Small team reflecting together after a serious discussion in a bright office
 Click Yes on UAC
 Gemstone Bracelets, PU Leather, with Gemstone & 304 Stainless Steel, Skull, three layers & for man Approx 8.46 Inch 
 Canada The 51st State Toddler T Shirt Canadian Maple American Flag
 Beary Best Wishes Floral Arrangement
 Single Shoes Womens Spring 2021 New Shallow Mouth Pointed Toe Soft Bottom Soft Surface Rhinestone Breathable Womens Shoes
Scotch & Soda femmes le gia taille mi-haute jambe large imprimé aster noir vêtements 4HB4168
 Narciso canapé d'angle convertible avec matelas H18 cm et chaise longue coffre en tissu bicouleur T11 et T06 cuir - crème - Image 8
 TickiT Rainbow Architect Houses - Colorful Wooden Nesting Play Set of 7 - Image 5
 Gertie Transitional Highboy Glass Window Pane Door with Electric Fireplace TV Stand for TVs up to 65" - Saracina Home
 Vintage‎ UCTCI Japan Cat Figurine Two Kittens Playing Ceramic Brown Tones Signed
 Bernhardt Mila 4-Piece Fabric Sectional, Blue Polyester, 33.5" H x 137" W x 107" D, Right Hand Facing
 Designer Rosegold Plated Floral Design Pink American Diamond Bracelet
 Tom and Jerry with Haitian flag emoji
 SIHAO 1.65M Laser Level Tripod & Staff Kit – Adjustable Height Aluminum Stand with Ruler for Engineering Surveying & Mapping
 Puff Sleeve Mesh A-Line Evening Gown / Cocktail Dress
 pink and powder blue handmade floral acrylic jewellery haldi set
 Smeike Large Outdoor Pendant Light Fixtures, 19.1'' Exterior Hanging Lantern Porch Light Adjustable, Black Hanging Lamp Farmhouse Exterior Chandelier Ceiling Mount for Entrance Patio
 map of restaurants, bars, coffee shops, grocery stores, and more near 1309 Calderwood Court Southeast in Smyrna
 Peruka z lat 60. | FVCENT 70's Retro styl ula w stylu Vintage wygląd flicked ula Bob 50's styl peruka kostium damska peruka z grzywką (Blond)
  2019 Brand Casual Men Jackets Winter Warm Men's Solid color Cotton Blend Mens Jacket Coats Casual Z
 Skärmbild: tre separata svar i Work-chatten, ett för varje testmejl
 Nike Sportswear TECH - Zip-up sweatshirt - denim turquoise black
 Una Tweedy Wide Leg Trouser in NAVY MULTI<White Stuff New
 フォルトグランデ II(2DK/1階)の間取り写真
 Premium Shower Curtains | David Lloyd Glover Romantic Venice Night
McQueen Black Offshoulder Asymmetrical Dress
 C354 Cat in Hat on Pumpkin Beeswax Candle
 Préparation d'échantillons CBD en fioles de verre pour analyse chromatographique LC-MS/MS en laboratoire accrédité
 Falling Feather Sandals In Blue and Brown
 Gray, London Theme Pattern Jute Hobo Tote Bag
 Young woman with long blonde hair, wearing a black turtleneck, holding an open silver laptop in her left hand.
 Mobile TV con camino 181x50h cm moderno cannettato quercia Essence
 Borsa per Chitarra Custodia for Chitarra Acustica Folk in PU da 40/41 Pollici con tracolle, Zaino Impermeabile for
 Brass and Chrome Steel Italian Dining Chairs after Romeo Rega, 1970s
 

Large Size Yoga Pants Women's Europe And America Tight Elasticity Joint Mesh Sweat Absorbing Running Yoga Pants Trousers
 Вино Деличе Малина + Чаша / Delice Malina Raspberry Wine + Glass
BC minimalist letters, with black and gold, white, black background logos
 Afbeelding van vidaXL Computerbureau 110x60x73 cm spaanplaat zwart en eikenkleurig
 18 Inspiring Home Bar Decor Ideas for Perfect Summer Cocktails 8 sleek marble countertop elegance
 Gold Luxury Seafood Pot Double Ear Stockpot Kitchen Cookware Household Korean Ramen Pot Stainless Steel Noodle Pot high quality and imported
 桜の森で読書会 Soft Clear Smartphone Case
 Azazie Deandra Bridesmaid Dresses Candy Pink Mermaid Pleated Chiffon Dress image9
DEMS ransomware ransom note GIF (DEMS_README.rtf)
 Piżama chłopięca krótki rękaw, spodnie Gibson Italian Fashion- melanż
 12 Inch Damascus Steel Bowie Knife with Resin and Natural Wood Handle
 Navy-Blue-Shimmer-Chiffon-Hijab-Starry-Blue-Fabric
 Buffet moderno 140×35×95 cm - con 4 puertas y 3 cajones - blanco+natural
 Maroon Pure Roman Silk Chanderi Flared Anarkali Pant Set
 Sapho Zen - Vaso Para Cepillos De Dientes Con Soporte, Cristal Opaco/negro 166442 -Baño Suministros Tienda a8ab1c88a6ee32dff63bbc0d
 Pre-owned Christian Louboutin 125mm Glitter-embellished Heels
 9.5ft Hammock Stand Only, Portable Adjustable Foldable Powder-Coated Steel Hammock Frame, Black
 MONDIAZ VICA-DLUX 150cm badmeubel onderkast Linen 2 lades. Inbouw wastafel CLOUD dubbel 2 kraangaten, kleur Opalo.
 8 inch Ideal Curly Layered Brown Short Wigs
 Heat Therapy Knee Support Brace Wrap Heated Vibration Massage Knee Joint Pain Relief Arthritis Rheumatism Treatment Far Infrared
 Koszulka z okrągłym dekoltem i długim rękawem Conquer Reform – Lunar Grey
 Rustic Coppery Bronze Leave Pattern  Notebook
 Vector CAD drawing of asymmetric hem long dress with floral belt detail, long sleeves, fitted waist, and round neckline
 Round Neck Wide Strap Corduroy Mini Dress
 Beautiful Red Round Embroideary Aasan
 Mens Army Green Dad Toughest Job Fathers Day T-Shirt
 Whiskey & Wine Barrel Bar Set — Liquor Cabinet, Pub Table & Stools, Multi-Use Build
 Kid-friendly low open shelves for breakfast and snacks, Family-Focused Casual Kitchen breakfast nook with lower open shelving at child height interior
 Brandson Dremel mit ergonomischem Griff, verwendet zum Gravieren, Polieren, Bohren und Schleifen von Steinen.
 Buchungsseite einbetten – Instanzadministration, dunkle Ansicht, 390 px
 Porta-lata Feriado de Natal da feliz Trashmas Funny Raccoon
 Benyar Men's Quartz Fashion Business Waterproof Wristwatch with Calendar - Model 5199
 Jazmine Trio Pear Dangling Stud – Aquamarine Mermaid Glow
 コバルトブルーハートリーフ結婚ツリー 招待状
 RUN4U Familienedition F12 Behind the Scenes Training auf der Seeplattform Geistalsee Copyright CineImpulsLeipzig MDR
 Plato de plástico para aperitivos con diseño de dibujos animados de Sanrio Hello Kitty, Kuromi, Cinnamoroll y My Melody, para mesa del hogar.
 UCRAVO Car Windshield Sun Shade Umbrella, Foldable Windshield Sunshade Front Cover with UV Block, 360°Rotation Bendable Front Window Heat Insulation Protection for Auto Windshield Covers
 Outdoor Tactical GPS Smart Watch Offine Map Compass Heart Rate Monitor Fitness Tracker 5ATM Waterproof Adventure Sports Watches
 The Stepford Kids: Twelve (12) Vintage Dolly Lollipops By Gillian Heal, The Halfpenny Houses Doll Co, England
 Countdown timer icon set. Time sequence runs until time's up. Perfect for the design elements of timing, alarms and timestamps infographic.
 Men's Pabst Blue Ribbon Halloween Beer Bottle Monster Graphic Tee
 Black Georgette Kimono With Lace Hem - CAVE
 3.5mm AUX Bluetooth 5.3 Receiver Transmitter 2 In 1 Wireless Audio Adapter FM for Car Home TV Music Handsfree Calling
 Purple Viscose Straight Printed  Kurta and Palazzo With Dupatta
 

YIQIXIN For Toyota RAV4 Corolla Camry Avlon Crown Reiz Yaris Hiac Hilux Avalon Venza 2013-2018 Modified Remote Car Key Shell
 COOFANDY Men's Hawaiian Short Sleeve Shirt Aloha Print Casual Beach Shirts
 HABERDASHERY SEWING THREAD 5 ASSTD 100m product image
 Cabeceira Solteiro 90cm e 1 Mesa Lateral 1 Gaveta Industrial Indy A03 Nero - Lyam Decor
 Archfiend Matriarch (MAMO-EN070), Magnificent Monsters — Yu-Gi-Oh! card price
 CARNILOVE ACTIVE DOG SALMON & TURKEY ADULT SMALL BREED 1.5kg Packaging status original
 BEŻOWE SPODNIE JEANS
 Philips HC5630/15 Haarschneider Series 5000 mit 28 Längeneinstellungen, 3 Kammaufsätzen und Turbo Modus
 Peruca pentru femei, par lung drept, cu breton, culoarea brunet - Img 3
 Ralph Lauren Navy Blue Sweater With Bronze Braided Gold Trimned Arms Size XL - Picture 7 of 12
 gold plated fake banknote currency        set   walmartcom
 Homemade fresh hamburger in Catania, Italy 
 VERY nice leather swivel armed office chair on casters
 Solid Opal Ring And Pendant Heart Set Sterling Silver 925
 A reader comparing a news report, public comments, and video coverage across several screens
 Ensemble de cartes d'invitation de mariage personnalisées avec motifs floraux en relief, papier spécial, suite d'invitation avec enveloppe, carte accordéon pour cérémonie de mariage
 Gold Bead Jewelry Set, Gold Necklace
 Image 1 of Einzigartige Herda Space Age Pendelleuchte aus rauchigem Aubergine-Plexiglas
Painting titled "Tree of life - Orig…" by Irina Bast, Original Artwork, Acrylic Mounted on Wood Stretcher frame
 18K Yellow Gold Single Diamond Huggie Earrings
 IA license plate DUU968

Exercise instructions - All lines above from the one with "Homemade fresh hamburger in Catania, Italy" to the one with "A reader comparing", inclusive, should be copied exactly, and no other lines.

Your solution -
 Homemade fresh hamburger in Catania, Italy 
 VERY nice leather swivel armed office chair on casters
 Solid Opal Ring And Pendant Heart Set Sterling Silver 925
 A reader comparing a news report, public comments, and video coverage across several screens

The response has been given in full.